6. Menghitung Total Belanja dengan Diskon

Soal: Sebuah toko memberikan diskon 10% jika total belanja melebihi Rp 100.000. Buatlah flowchart-nya.

Cara Penyelesaian:

  • Langkah Alur:
    1. Mulai.
    2. Input Total Belanja.
    3. Cek: Total > 100.000?
    4. Jika Ya: Potongan = Total * 0.10. Bayar = Total – Potongan.
    5. Jika Tidak: Bayar = Total.
    6. Tampilkan Total Bayar.
    7. Selesai.

Tips Membuat Flowchart yang Baik dan Benar

Agar flowchart Anda mudah dibaca oleh orang lain, ikuti kaidah standar berikut ini:

  1. Alur dari Atas ke Bawah: Secara konvensional, flowchart dibaca dari atas ke bawah atau dari kiri ke kanan.
  2. Satu Jalan Keluar Terminator: Simbol “Start” hanya punya satu garis keluar, dan “End” hanya punya satu garis masuk.
  3. Gunakan Bahasa yang Jelas: Di dalam simbol, gunakan kata kerja yang singkat seperti “Hitung Luas” atau “Input Nama”.
  4. Hindari Perpotongan Garis: Sebisa mungkin jangan biarkan garis alir saling bersilangan.
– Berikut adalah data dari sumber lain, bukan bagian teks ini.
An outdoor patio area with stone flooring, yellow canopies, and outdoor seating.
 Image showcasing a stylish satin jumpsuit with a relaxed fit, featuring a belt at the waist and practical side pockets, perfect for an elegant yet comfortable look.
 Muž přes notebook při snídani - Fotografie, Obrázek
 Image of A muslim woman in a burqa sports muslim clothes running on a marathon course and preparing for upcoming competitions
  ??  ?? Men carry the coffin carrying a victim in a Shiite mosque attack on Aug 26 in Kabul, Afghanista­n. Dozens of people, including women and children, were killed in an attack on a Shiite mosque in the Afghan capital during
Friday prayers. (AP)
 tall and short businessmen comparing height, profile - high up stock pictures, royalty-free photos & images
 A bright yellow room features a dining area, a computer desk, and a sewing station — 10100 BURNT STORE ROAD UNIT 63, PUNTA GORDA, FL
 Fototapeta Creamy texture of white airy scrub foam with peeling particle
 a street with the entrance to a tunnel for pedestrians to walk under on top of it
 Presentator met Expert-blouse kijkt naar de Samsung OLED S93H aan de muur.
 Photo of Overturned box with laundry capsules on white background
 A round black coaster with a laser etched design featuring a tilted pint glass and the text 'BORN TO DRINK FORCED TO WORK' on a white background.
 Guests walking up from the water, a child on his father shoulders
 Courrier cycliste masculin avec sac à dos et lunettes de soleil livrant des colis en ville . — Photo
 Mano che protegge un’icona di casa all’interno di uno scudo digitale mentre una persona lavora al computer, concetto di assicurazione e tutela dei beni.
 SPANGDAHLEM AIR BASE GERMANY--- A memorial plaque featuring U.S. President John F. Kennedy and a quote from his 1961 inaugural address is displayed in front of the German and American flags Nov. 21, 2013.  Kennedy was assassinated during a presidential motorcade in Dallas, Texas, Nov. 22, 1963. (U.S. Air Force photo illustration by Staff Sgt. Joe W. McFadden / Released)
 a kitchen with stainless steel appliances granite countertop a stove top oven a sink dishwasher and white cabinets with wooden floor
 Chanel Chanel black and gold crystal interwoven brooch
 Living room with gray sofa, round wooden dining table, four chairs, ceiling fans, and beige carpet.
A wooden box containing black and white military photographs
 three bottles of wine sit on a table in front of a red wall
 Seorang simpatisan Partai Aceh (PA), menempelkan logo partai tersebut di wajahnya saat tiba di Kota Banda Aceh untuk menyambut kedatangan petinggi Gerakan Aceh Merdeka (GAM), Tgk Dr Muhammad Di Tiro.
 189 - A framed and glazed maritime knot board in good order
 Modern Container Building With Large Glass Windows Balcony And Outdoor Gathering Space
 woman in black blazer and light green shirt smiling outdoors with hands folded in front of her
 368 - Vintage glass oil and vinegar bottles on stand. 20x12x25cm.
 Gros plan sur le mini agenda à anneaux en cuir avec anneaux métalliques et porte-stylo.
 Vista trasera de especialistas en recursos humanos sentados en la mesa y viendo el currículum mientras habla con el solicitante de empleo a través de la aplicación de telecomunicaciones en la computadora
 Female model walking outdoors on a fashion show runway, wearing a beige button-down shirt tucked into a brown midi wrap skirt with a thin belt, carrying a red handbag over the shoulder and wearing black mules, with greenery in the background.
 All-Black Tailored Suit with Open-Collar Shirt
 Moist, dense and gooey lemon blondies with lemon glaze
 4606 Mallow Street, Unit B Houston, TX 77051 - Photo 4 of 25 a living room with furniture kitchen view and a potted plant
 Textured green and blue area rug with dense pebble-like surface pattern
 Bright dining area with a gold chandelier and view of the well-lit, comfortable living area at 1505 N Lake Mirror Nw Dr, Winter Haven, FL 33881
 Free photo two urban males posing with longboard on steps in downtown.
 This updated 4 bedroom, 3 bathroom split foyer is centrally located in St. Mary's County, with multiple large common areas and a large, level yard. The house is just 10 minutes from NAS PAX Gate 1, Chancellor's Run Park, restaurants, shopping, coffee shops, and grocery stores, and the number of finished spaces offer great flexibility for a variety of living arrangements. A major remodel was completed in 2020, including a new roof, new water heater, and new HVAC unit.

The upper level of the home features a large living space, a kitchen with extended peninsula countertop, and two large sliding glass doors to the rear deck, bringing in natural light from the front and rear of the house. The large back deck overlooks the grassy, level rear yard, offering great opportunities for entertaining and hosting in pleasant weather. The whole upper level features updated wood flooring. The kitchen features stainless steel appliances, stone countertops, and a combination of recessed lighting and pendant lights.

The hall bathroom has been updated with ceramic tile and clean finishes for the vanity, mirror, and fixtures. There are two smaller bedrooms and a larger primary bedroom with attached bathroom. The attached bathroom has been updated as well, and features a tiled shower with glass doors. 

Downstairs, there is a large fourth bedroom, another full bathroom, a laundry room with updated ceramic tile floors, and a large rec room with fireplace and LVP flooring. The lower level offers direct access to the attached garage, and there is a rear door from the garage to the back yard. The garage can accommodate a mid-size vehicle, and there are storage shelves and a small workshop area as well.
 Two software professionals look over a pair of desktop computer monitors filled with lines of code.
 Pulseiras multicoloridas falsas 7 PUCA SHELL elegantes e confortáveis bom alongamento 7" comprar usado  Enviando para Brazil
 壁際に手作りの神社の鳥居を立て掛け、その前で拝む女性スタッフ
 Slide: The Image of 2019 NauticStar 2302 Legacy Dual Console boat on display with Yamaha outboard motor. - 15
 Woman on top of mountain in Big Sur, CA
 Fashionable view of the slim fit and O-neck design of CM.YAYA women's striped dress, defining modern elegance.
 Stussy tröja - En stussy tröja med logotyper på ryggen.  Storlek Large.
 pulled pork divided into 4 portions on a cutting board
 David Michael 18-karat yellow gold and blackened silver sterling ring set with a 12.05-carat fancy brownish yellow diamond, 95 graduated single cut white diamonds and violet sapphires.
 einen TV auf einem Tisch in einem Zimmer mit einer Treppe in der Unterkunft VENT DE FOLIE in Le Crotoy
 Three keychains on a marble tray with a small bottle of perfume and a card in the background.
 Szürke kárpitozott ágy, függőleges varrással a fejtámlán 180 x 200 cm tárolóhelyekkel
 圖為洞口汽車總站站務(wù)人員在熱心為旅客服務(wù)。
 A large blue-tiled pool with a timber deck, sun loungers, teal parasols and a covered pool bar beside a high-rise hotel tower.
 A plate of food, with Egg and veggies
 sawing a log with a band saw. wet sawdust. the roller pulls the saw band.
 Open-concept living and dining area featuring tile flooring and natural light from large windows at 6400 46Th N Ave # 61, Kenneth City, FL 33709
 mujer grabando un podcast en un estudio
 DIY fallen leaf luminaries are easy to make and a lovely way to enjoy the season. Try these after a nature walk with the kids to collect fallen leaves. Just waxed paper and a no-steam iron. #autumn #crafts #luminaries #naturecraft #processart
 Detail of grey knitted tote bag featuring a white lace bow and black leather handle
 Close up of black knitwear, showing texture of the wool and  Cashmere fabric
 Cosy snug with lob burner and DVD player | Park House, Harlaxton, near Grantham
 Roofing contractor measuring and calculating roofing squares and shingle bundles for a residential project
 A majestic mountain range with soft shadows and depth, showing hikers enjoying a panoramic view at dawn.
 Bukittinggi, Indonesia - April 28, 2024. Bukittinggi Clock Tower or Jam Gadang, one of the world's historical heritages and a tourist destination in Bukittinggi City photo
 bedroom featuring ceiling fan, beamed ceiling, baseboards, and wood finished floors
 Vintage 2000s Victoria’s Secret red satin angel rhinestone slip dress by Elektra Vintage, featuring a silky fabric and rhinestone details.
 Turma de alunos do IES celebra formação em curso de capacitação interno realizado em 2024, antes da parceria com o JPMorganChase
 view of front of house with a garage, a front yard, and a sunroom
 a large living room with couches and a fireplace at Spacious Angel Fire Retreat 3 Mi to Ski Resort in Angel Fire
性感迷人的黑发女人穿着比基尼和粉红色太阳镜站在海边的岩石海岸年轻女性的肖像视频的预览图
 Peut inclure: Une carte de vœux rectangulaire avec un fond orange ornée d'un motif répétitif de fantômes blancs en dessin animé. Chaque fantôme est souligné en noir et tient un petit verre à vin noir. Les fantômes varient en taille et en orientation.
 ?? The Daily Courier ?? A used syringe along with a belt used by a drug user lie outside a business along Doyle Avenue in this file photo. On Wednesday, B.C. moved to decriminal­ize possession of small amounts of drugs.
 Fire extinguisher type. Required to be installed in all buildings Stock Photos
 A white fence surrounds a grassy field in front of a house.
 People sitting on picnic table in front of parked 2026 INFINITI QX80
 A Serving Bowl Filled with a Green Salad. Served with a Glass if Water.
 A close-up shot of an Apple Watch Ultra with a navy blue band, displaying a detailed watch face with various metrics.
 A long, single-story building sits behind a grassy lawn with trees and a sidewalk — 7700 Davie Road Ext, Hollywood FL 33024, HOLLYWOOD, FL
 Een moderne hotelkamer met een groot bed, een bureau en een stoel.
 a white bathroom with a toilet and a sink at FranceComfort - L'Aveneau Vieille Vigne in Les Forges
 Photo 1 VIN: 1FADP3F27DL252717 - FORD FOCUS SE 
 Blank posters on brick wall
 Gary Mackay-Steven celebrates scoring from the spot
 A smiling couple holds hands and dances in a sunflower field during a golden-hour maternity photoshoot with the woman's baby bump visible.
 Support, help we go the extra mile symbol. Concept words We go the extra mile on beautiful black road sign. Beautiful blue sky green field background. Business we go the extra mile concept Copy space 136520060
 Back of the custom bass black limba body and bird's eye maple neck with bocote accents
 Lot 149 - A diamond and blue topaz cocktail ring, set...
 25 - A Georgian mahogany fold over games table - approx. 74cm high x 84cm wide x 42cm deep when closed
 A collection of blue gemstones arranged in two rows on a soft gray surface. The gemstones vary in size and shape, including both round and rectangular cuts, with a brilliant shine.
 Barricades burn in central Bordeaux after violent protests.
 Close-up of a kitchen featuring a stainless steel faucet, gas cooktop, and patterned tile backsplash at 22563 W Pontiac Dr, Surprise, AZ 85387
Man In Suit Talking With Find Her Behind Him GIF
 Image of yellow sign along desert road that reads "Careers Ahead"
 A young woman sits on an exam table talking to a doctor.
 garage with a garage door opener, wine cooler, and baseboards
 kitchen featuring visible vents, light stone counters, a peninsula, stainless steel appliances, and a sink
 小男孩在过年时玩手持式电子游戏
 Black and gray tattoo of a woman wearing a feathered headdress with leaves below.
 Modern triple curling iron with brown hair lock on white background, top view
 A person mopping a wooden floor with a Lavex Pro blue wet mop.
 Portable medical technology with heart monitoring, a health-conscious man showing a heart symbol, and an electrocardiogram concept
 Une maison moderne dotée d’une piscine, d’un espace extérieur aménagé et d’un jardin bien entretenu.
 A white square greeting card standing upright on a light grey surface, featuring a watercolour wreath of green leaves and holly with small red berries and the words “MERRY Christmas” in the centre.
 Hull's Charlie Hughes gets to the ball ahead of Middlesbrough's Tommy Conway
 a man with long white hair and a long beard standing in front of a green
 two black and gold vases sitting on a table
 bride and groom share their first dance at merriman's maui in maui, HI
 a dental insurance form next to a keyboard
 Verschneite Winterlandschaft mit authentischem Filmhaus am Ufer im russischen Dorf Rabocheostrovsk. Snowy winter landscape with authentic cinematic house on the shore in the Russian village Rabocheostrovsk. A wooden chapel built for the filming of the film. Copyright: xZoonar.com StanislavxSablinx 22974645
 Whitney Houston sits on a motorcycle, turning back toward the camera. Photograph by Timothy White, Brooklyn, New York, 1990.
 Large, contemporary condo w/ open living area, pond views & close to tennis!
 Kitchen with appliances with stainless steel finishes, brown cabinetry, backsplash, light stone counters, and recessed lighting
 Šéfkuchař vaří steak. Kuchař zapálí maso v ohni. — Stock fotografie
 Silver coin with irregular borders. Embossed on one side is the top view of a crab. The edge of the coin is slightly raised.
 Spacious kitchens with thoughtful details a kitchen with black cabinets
Gunakan simbol Connector jika halaman tidak cukup.

Studi Kasus Dunia Nyata: Sistem ATM Sederhana

Mari kita coba menggabungkan semua elemen dalam satu kasus yang lebih besar, yaitu proses penarikan uang di ATM.

Alur Logika:

  1. Nasabah memasukkan kartu dan PIN.
  2. Sistem mengecek validitas PIN.
  3. Jika PIN salah 3 kali, kartu diblokir.
  4. Jika PIN benar, nasabah memilih nominal penarikan.
  5. Sistem mengecek saldo: Apakah Saldo > Nominal Tarik?
  6. Jika saldo cukup, uang keluar dan saldo berkurang.
  7. Jika saldo kurang, muncul peringatan “Saldo Tidak Cukup”.
  8. Selesai.

Kasus ini melatih kemampuan Anda dalam menyusun Nested If (kondisi di dalam kondisi) serta manajemen alur yang lebih dinamis.

Baca juga: Mahasiswa Universitas Teknokrat Indonesia Laksanakan Kunjungan Proyek Untuk Mata Kuliah K3 di Pembangunan New WTP Krenceng Tahap 2, Cilegon

Kesimpulan

Membuat flowchart adalah keterampilan esensial dalam pemrograman dan analisis sistem. Dengan berlatih melalui contoh soal di atas, Anda akan lebih terbiasa memecahkan masalah besar menjadi langkah-langkah kecil yang logis. Ingatlah bahwa kunci utama flowchart yang efektif adalah kesederhanaan dan kejelasan alur.